Its biggest item is Reza Vali’s Folk Songs (Set No. 9). Scored for flute, cello, crystal glasses, and percussion (the latter are passed between the soloists), its eight movements evoke both the Pittsburgh-based composer’s native Iran and some of its familiar instruments.
Just about any way you look at it, this is attractive music, dancing, whirling, haunting. Vali’s writing consistently teases the ear: between drones and slightly heterophonic melodies, how many voices are actually involved in the opening Largo?

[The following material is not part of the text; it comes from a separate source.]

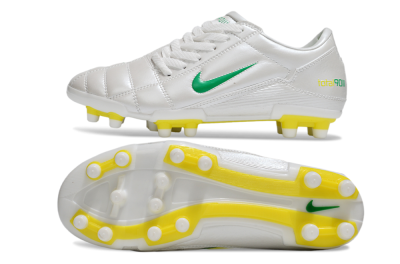 Nike Total 90 III FG Firm Ground Soccer Cleats - White/Green/Yellow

The third movement’s ghostly pairing of low flute and cello playing harmonics is stunning. So is the “Lullaby’s” lilting flute melody with crystal glasses. Flautist Catherine Gregory and cellist Sæunn Thorsteinsdóttir deliver an impassioned, vibrant account of it all.
The full group has the spotlight for the disc’s remaining fare, Valerie Coleman’s Revelry and arrangements of three William Bolcom rags.
Revelry, a sometimes ominous meditation on the concept of people congregating, packs a lot into its ten-minute duration. The first of its two movements ranges from buzzy, swirling textures to static ones. At times, the music seems to grow woozy, but all of its threatening gestures resolve, more or less, into something genial.
The short finale, on the other hand, provides no such comforting solution. Pecking bassoon riffs and edgy, insistent rhythms may or may not depict the title’s “War,” but they’re plenty unsettling.
Decoda dispatches the piece with energy and color; Coleman’s idiomatic writing ensures that everybody has their moments to shine.
The three Bolcom rags that fill out the disc – “Incinoratorag,” “Graceful Ghost,” and “Poltergeist” – also play to the ensemble’s strengths (the arrangements were crafted by members of the group). Though none of them quite top the keyboard originals, the outer pair offer a welcome bit of cheek and “Ghost” swoons elegantly.